The University Senate decided on Thursday to postpone voting on the proposed plus/minus grading system. The proposal was instead sent to a newly created ad hoc committee on academic quality consisting of faculty, administrators and students.
The committee was given until March to make its recommendations to the full senate.
Senate Chair Doug Smith said the ad hoc committee was created Nov. 10 during a senate executive committee meeting.
Economics professor Brian Strow, who proposed the plus/minus grading system, voted against sending the proposal to the ad hoc committee.
“All the information has been available for senators in the last few months,” he said. “I don’t think there is anything else to learn about it.”
Strow said he gave senators a month’s notice on the proposal, attended a student forum and attended the rally before the meeting.
He said he remains confident that the proposal will receive positive attention from the committee.
“I think further study will only help show the merits of the system,” he said.
In a non-binding straw poll taken during the meeting, senate members voted against changing the current grading system, 34-22.
A large majority voted to send the proposal to an ad hoc committee.

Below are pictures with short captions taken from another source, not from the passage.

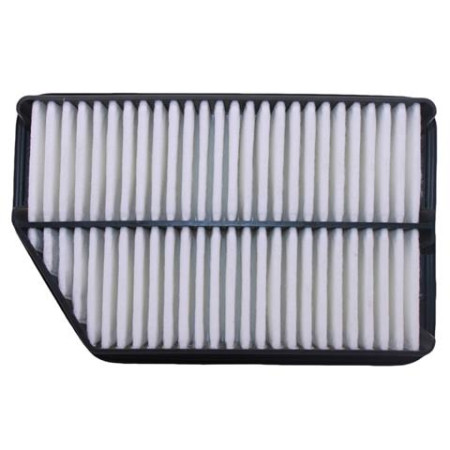 FILTRO AIRE HYU/KIA TUCSON/SPORTAGE - Imagen 4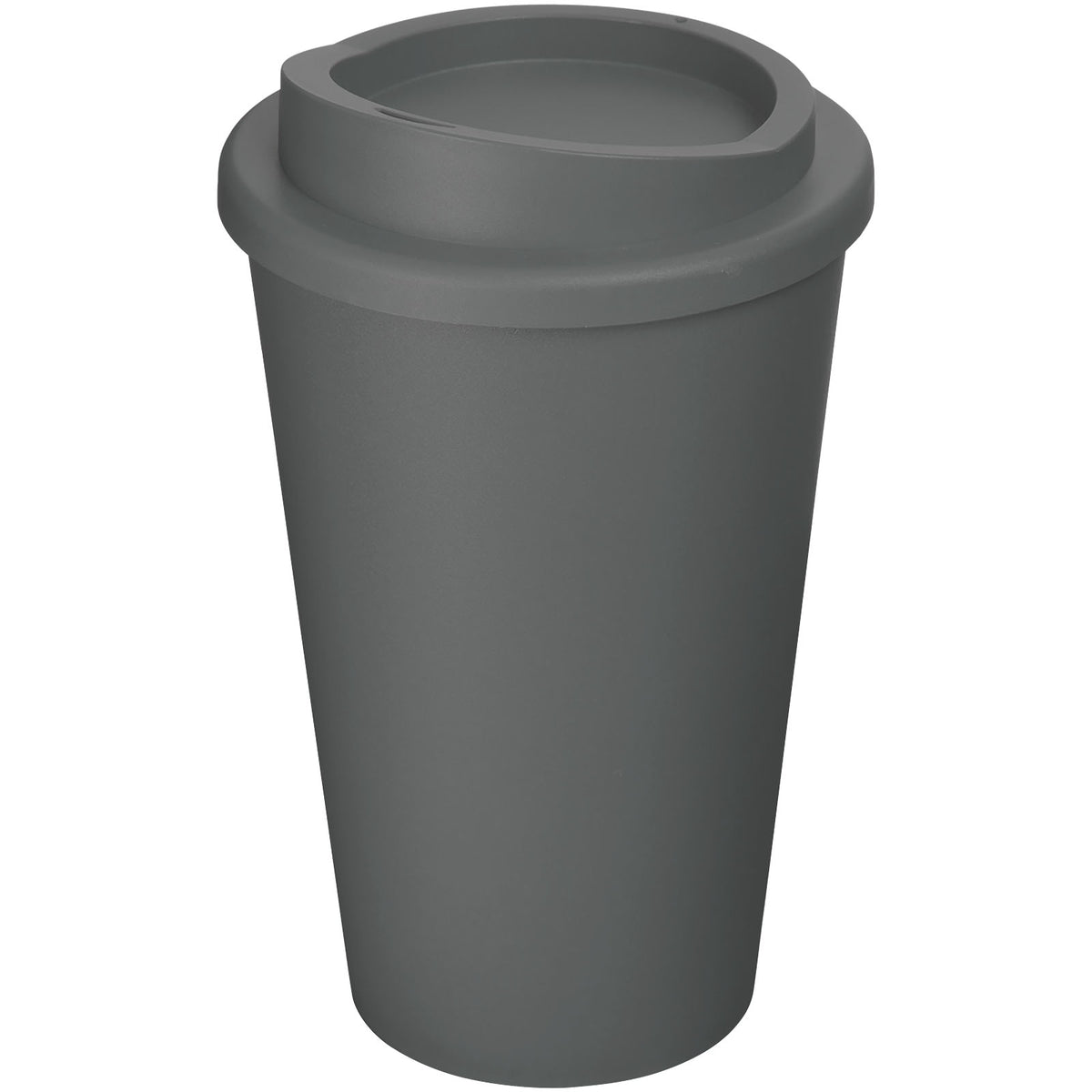 Americano® Eco 350 ml återvinningsbar mugg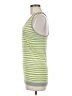 Athleta Green Tank Top Size M - photo 5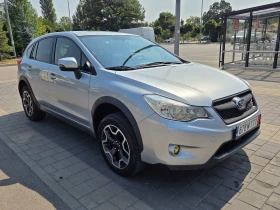 Subaru XV 2.0 ������, 150 �.�., ���������, 4�4., 2013 �. | Mobile.bg � ����� ������ 4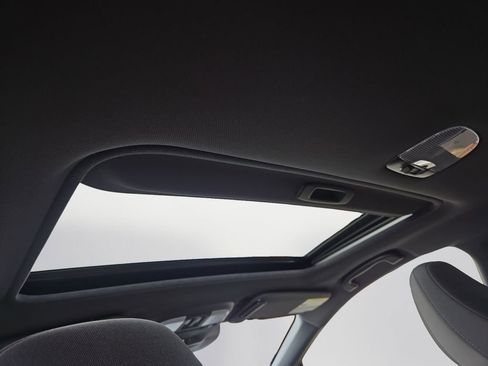 New 2026 Subaru Crosstrek 2.5i Sport image 18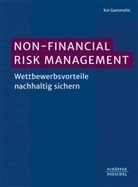 Kai Gammelin - Non-Financial Risk Management_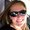 Photo of Danielle G.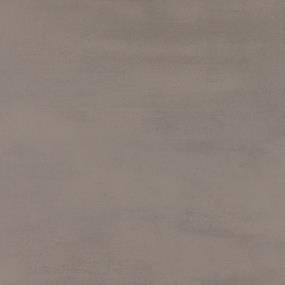 Synchronic Square 24X24 Mt - Grey Matte Swatch
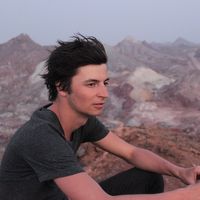 Vavřinec Vaněk的照片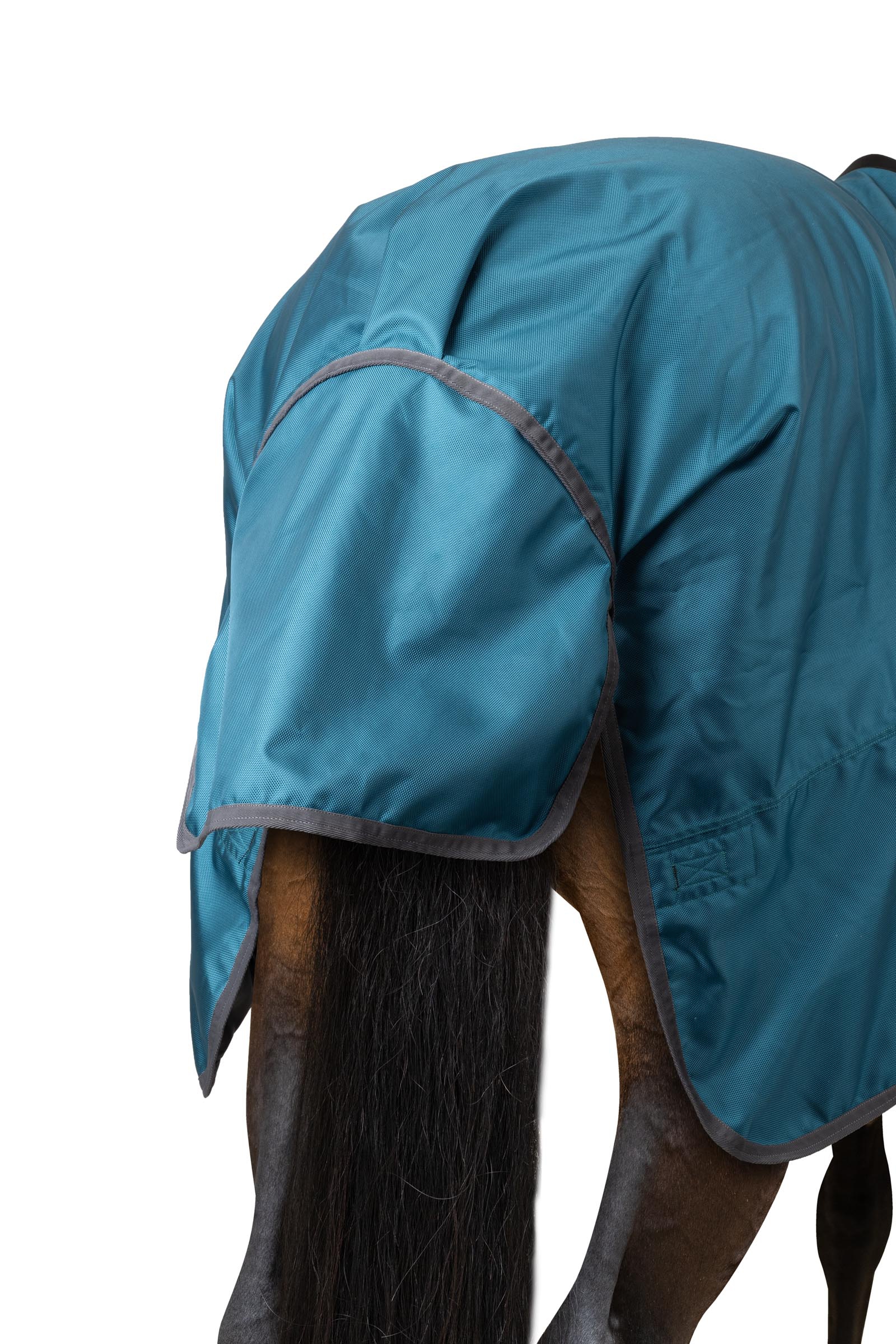 Horze outdoordeken 1680D, 100g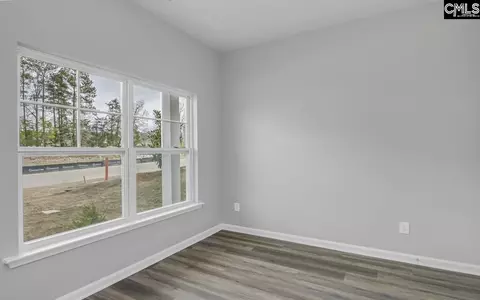 Other - 248 Boseman Rd, Irmo, SC 29063 photo 1 of 9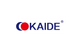 Kaide Plastics Machinery Co.,Ltd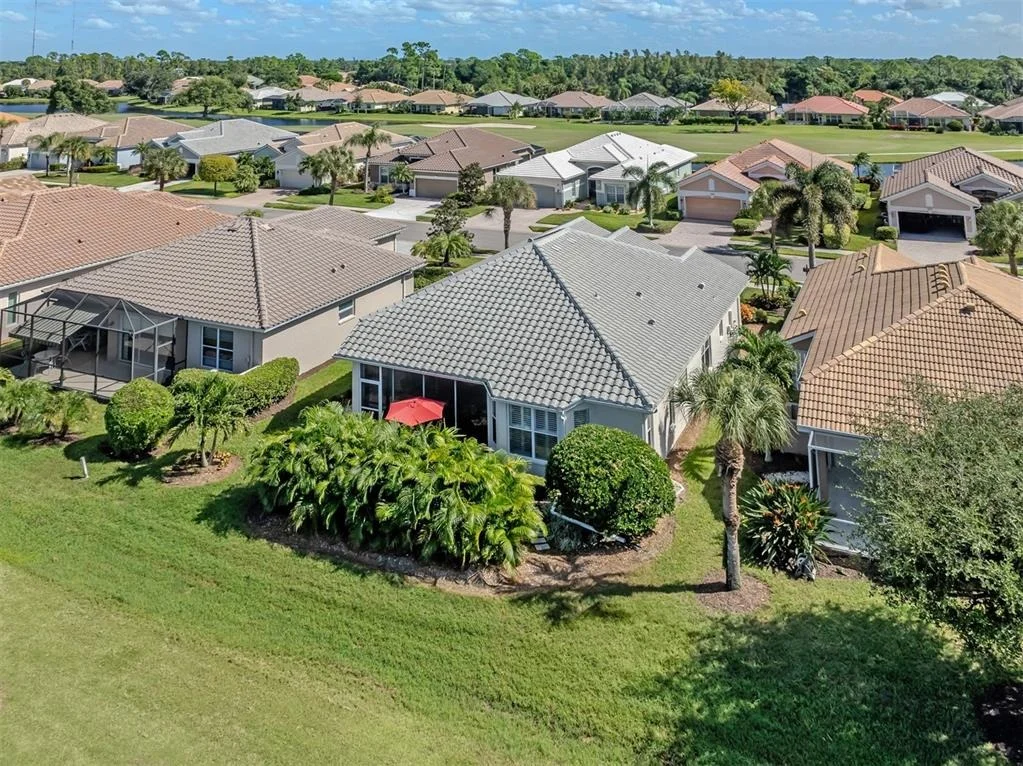Photo of 637 MISTY PINE DRIVE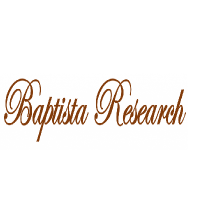 Baptista Research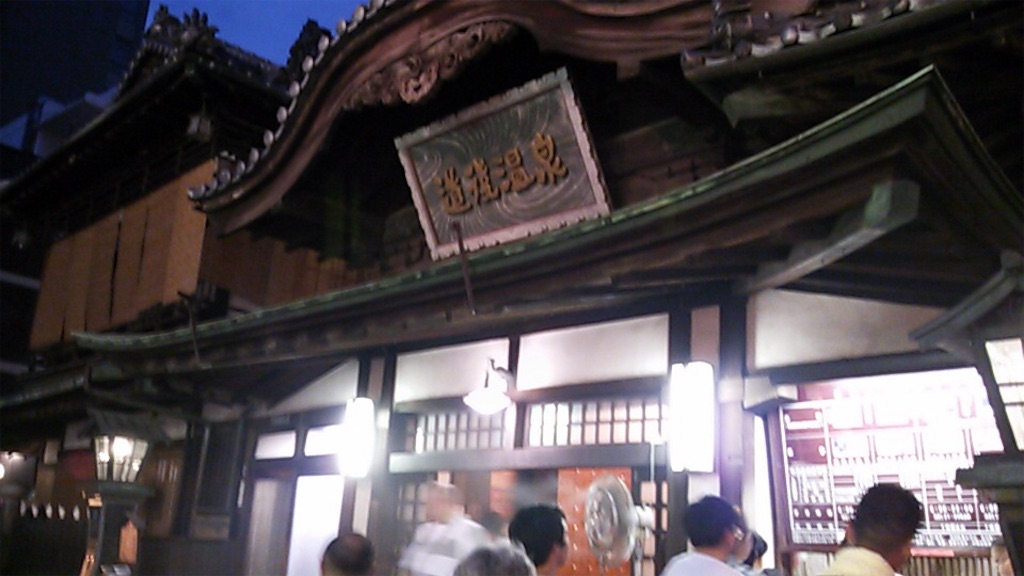 f:id:hatgib212:20160516203645j:image f:id:hatgib212:20160516203645j:image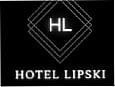 HOTEL LIPSKI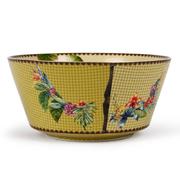 ����� Ete Savage 16�� 36999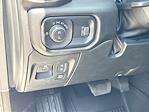 2025 Ram 1500 Crew Cab 4x4 Pickup for sale #RR251614 - photo 31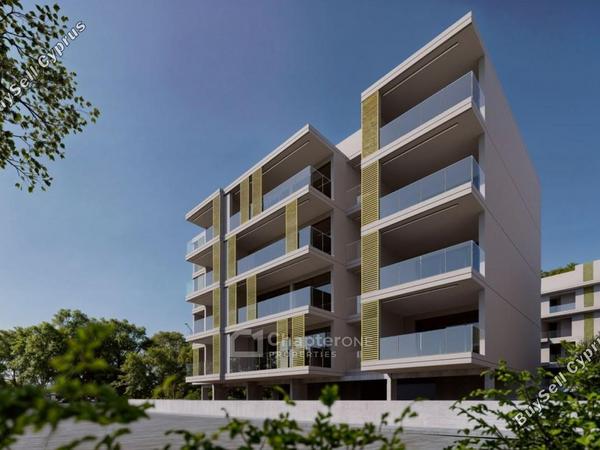 2 bedroom apartment for sale kato paphos universal paphos 8346803 image 14740121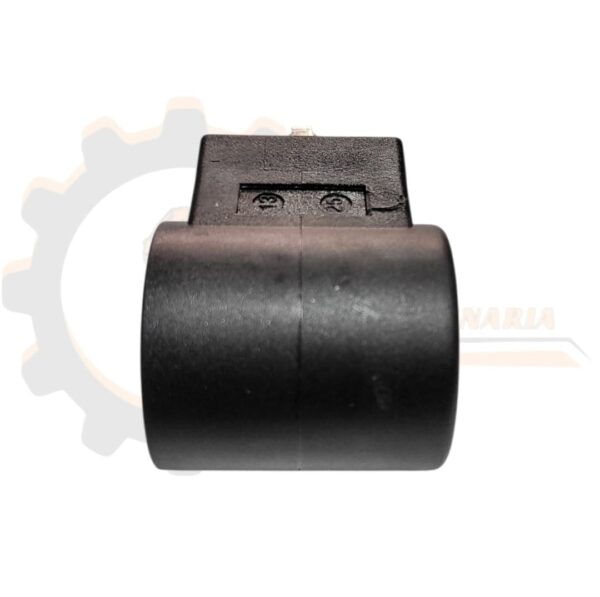 ND102391 Válvula solenoide Case New Holland ND102391 SD504114 para CV1100 CV1500 CV700 CV900 SV208 SV210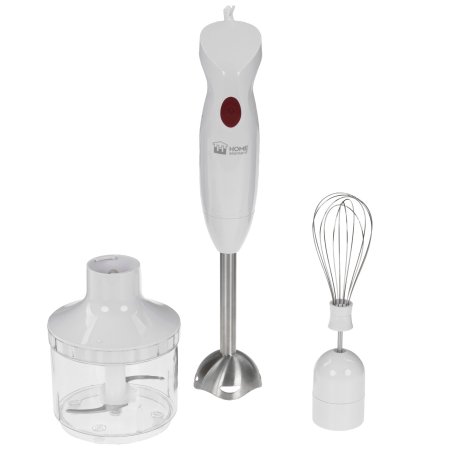 Заклепки Matrix, 4,8 х 16 мм, 50 шт.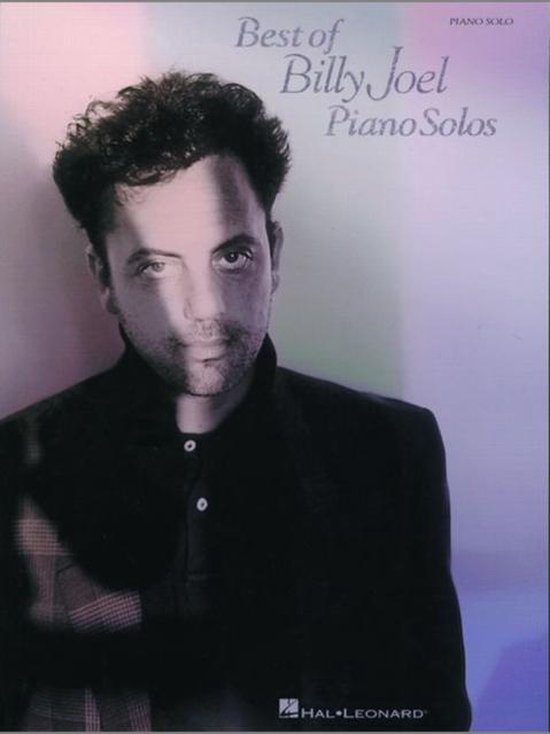 Best of Billy Joel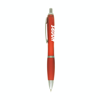 Sophisticate Bright Pen in red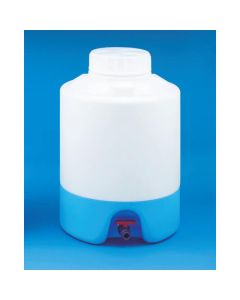 Tapered Tank 50L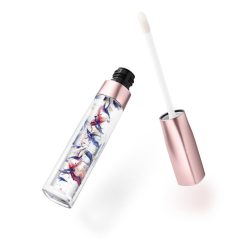 KIKO Milano Days In Bloom Nutri-Glow Lip Oil Wholesale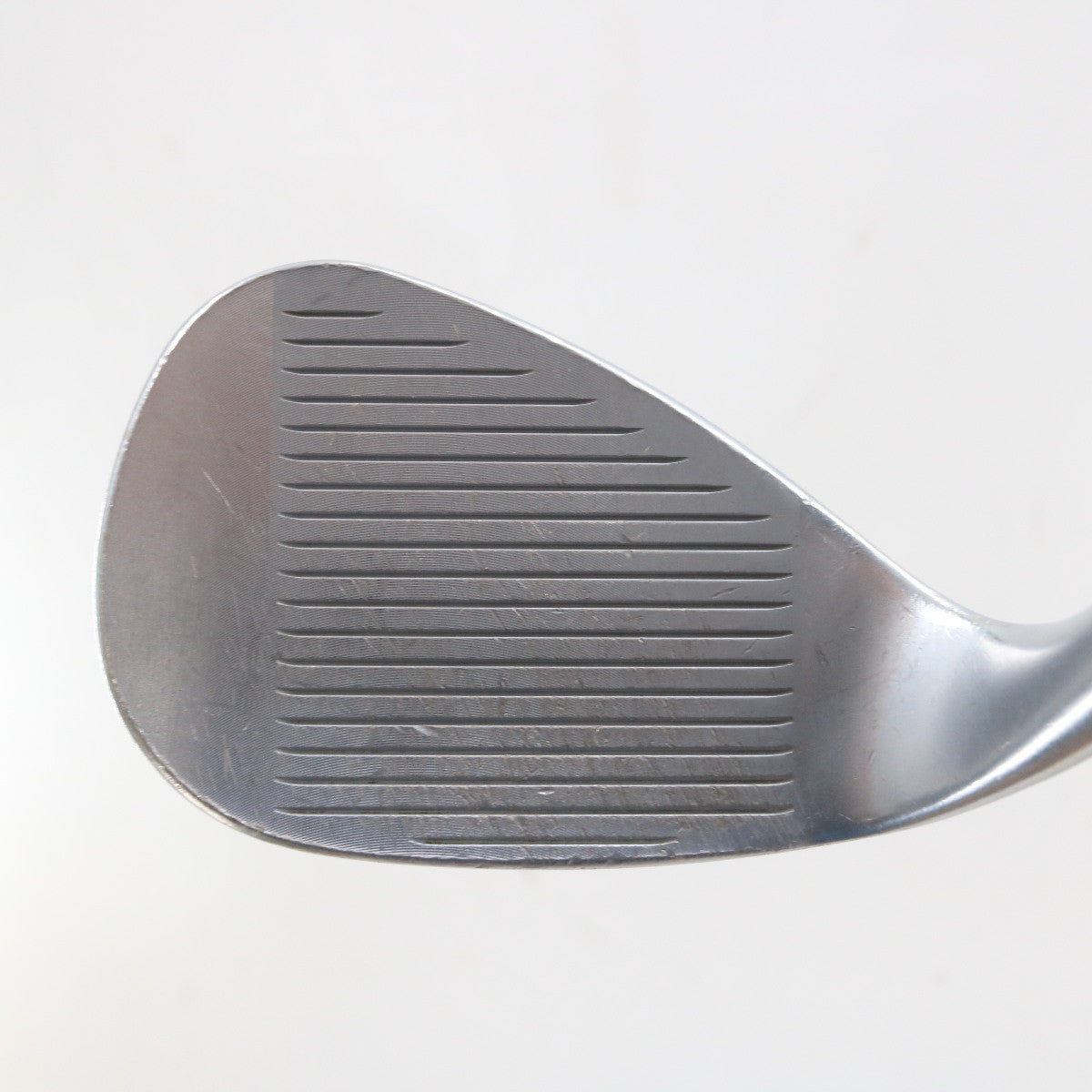 Ping Glide 3.0 Lob Wedge 60 Deg 60.10 Blue Dot Steel AWT 2.0 Regular RH S-163322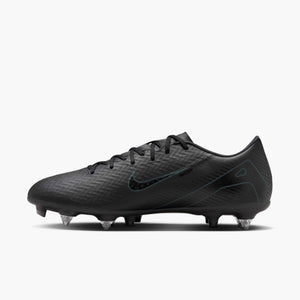 NIKE ZM VAPOR 16 ACADEMY SG BLACK/DEEP JUNGLE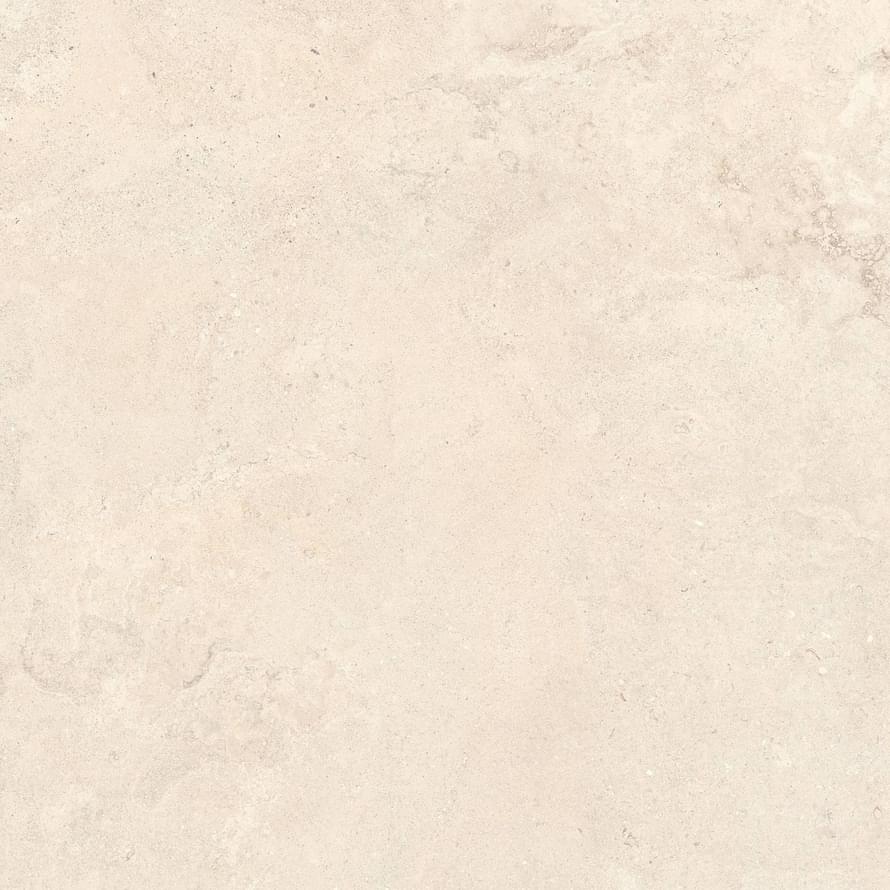 Ragno Stoneplay Mayenne Avorio Rett 100x100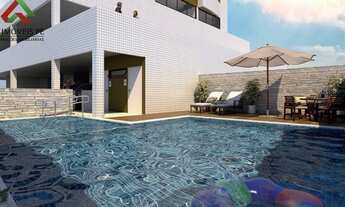 Imagem: Apartamento Centro da Cidade do Recife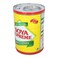 Soya Supreme Banaspati 5Kg Tin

SGA President John Bradley said he was pleased the proposal was sent to the ad hoc committee and with the straw poll results.
“The likelihood of the plus/minus system being implemented is very small in my opinion now,” he said.
Bradley said SGA will continue its efforts to oppose the plus/minus system in the ad hoc committee.
During the meeting, some members expressed concerns about passing the grading change.
Claus Ernst, a math professor and senate member, said he has heard
different claims about the merits of the plus/minus system.
“I’ve seen a lot of hearsay that it might do this or it might not do this,” he said.
He said the claim that the grading system would increase student learning is skeptical.
“Students by in large are not in favor, and that means to me that we ought to listen to them unless we have a really strong reason which can be actually documented that this system indeed increases student learning,” he said.
Faculty Regent Robert Dietle, an advisory member of the executive committee, said the ad hoc committee wouldn’t fix the problems with a change in the grading system, but it would be beneficial.
“I think we not only need time to get more information, I think we need time for people’s anxiety levels to lower somewhat,” he said. “If we take the time to study it and consult with the university-wide community and educate each other more, I think this will be less of an apocalyptic issue.”
Jackson junior Josh Collins, a student senate member, told senate members not to rush into a decision.
“We need prior planning before we go rushing through this doing things that we aren’t sure that are in the best interest for students,” he said.
Senate Vice Chair Jim Berger told members that one of the benefits of the ad hoc committee was that it could look into various types of grading systems.
Berger said he agrees that the current grading scale needs to be examined but thinks there are more solutions than just the proposal’s.
“I strongly encourage you to consider other ways as well, rather than just limiting us to a plus/minus system,” he said during the meeting.
Before the senate voted to send the proposal to the new ad hoc committee, Smith told members that they could still vote to pass the proposal.
“I am not stopping this body from speaking its voice on an issue if it so chooses,” he said.
Smith said the committee would take a closer look at the proposal, among other issues such as strengthening the academic culture on the Hill.
Changes in the grading system, the drop/add/withdraw policy and the advising system will all be examined in the new committee.
Committee members were not selected during the meeting.
The committee will consist of a senate member from each of the university’s six colleges, a representative from the Graduate Council, two representatives from SGA and three non-voting representatives.
Each of the three non-voting members will come from Academic Affairs, the Registrar’s Office and from Student Advising and Retention.